Drei Millionen Euro gibt der Senat jährlich aus, um neue Infrastrukturprojekte für Fahrradfahrer anzuschieben. Weitere zwei Millionen Euro fließen in die Sanierung bestehender Wege. Die Stimmungsmache auf Plakaten bezeichnet Arvid Krenz als „eher kontraproduktiv“. Krenz ist Fahrradbeauftragter des Senats. „Im Straßenverkehr kommt es auf Rücksichtnahme an. Sowohl bei Fußgängern als auch bei Auto- und Radfahrern“, sagt er. Anonyme Plakate trügen nicht zu einer vernünftigen Diskussion bei.

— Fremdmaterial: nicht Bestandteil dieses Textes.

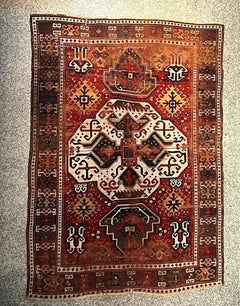 Antique Caucasien Rug, Kazak, Lori Pambak, Circa 1850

Senat will mehr Radverkehr

Der Senat will, dass der Anteil des Radverkehrs bis zum Jahr 2025 auf 18 Prozent steigt. Gleichzeitig soll der Autoverkehr von heute 25 Prozent auf 18 Prozent sinken, so das Ziel. „Wenn die Infrastruktur ausgebaut wird, gibt es natürlich auch weniger Konfliktpotenzial zwischen Fußgängern und Radfahrern“, sagt Krenz.

In der Innenstadt sind es vor allem ältere Menschen, die sich unwohl fühlen, wenn sie über die Straße gehen. „Man muss aufpassen, dass man nicht umgefahren wird“, sagt eine Rentnerin. Den Protest könne sie verstehen. Aber muss es denn gleich so drastisch sein? Plakate mit einer Handgranate als Kopf. Tickende Zeitbomben. „Das ist schon ziemlich krass“, sagt der 30-jährige Markus Meier. Er fühlt sich provoziert, beleidigt. Wenn jemand solche Plakate im Kiez aufhängt, solle er auch seinen Namen dazuschreiben, findet Meier.

"Kein Inhalt, ziemlich plump“, sagt auch Xenia Koroleva nach einem Blick auf das Plakat. Die 28-Jährige wohnt in Pankow, auf dem Weg zur Arbeit fährt sie jeden Tag durch Prenzlauer Berg. „So eine Aktion passt nicht zum toleranten Image des Bezirks“, findet sie. Genau das kritisiert auch Stadtrat Kirchner. Prenzlauer Berg gelte schließlich als liberal und weltoffen. Ein Ruf, der zunehmend in Gefahr gerät. An der Kreuzung Eberswalder Straße/Schönhauser Allee prangt schon das nächste Zeichen der Intoleranz. „Fuck Yoga“ steht auf zwei großen Aufklebern an einer Ampel. Wieder ohne Absender.